** Problem **
Transcribe each of the records below exactly, excluding all pictures.

== == ==

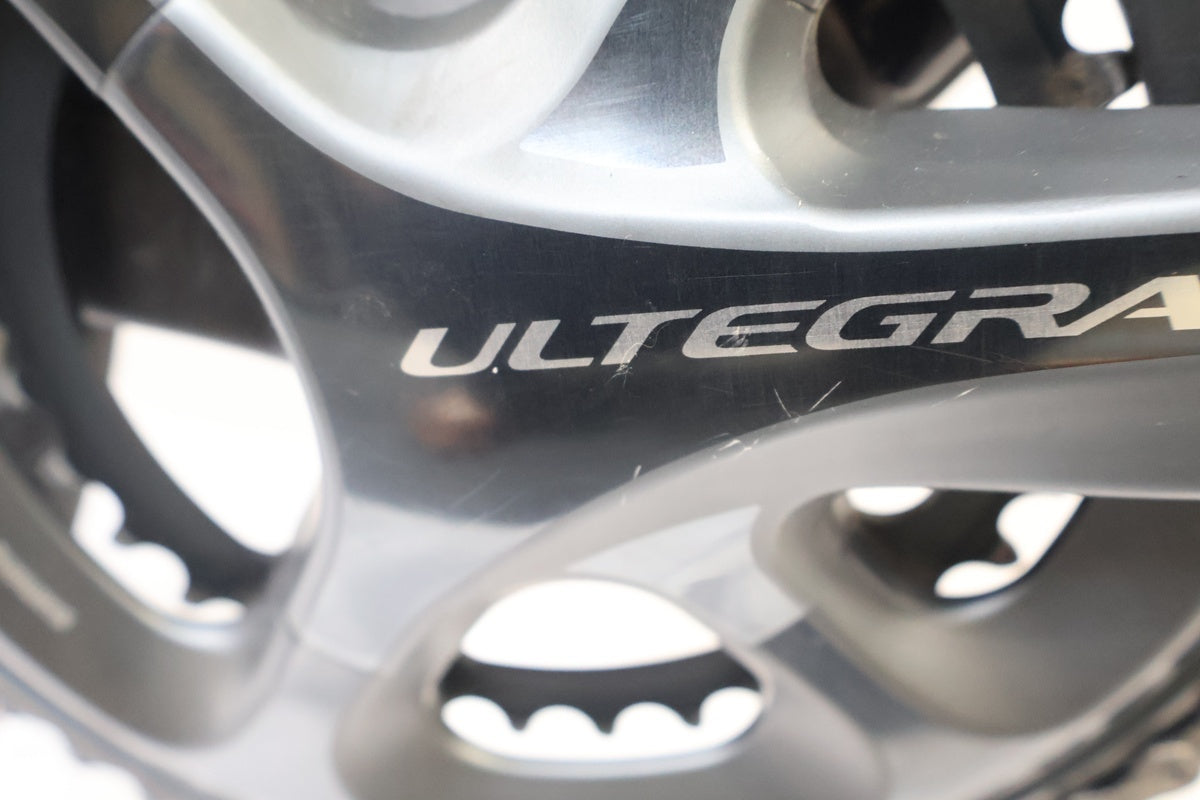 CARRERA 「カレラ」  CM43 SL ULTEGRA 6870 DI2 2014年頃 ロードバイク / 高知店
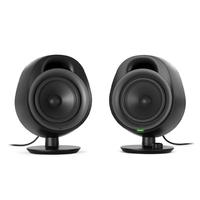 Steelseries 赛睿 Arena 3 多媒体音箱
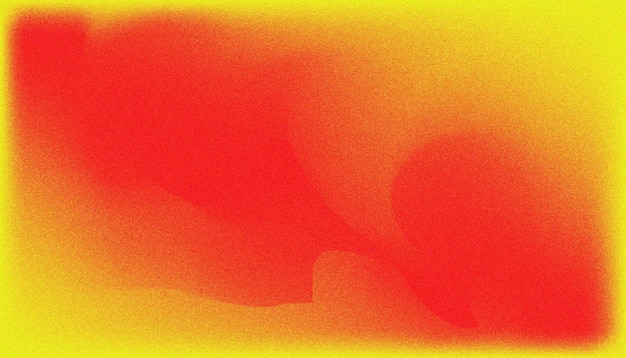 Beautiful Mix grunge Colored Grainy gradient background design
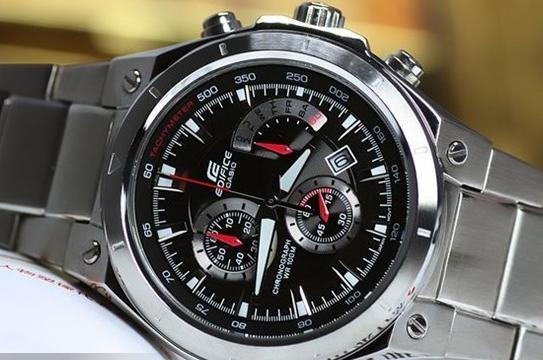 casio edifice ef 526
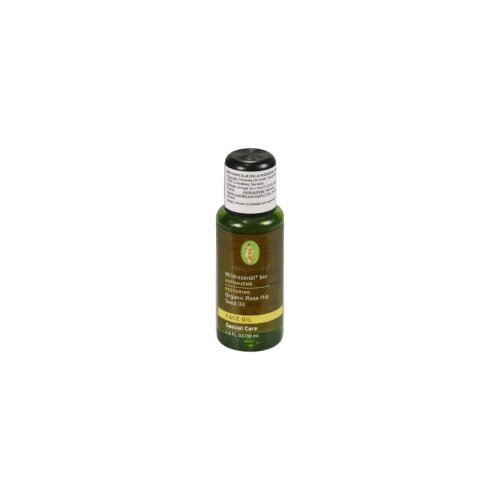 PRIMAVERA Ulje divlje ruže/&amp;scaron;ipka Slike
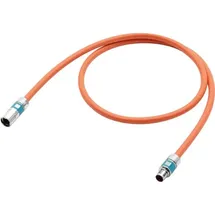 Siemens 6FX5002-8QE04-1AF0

== == ==

** Answer section **
 CARRERA 「カレラ」  CM43 SL ULTEGRA 6870 DI2 2014年頃 ロードバイク / 高知店
 Steelseries 赛睿 Arena 3 多媒体音箱
 Beautiful Mix grunge Colored Grainy gradient background design
 casio edifice ef 526
 PRIMAVERA Ulje divlje ruže/&amp;scaron;ipka Slike
 Siemens 6FX5002-8QE04-1AF0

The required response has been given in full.